Fans of live events are set to benefit from new rules coming into force today (6 April) which will demand more information from sellers on secondary ticket websites to better protect fans from rip-off prices.

For the first time resellers will have to quote the ‘unique ticket number’ (UTN) to a buyer, if the event organiser specifies one, helping to identify the ticket’s seat, standing area or location.

Current guidance requiring the disclosure of any restrictions and the original price of tickets have also been clarified today in order to improve compliance from businesses, ensuring better deals for customers.

Consumer Minister Andrew Griffiths said: “Fans have a right to know exactly what they’re signing up to on ticket resale websites, but all too often people are left feeling ripped off when the ticket doesn’t match expectations.

“We are already taking steps to crack down on touts using ‘bots’ to bulk buy tickets for resale and today’s new rules will also improve transparency in this market.”

Adam Webb, Campaign Manager, FanFair Alliance said: “So-called secondary ticketing sites should now have complete clarity of their legal obligations.
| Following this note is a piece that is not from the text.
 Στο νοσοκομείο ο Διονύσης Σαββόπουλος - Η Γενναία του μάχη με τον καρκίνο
“Combined with enforcement action, these welcome updates and additions to consumer law will result in greater protection for audiences and help development of a more transparent and fan-friendly ticket resale market.”
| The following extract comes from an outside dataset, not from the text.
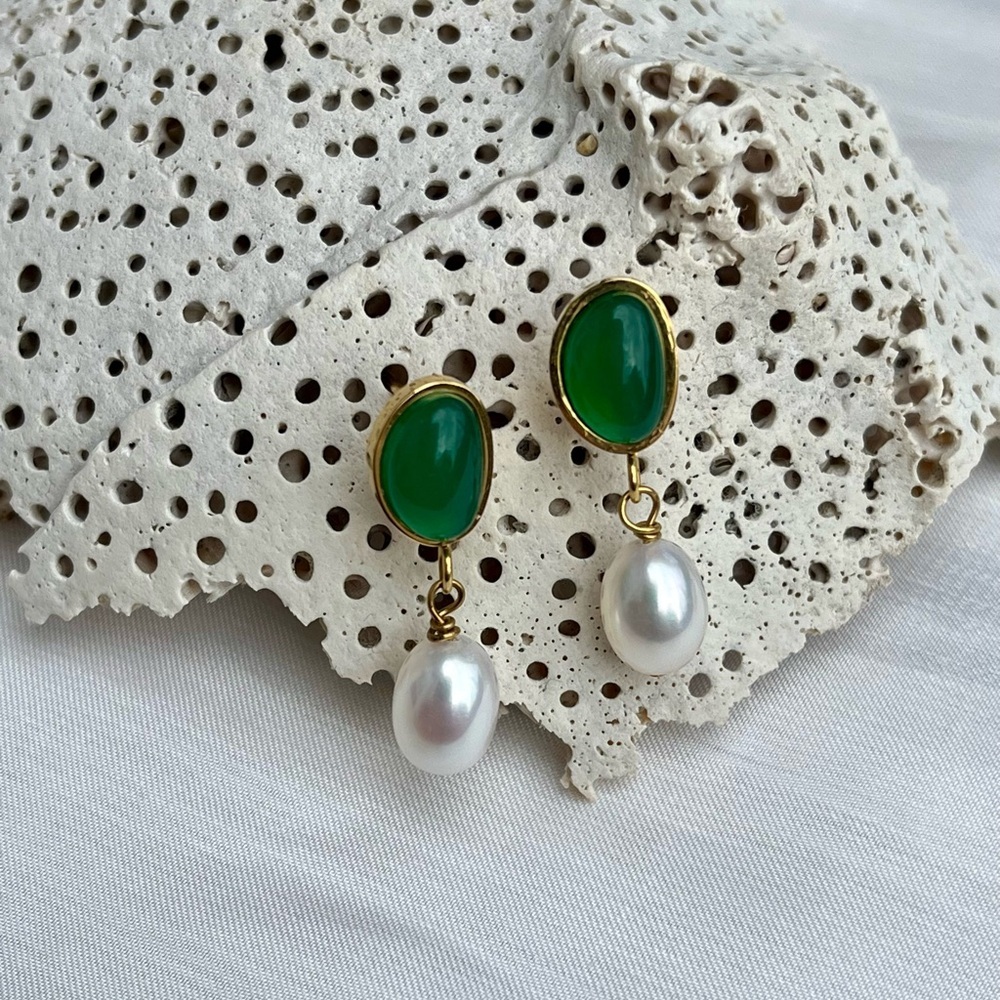 EA022 Green agate & top quality rice shape fresh water earrings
Margot James, Minister for Digital and the Creative Industries, said: “We want real fans to get the chance to see their favourite stars at a fair price and we are clamping down on touts using bots to buy huge numbers of tickets, only to sell them on at rip-off prices.

“These new measures will give consumers even greater protection and transparency in the secondary market, helping Britain’s live events scene to continue to thrive.”

From today ticket resellers must identify the location to which the ticket provides access – such as the particular seat or standing area of the venue.

They must also disclose any restrictions around who can use the ticket or how it must be used (e.g. alongside ID of the original buyer) and disclose the original price of the ticket.

The CMA is taking enforcement action against secondary ticketing websites suspected of breaking consumer law.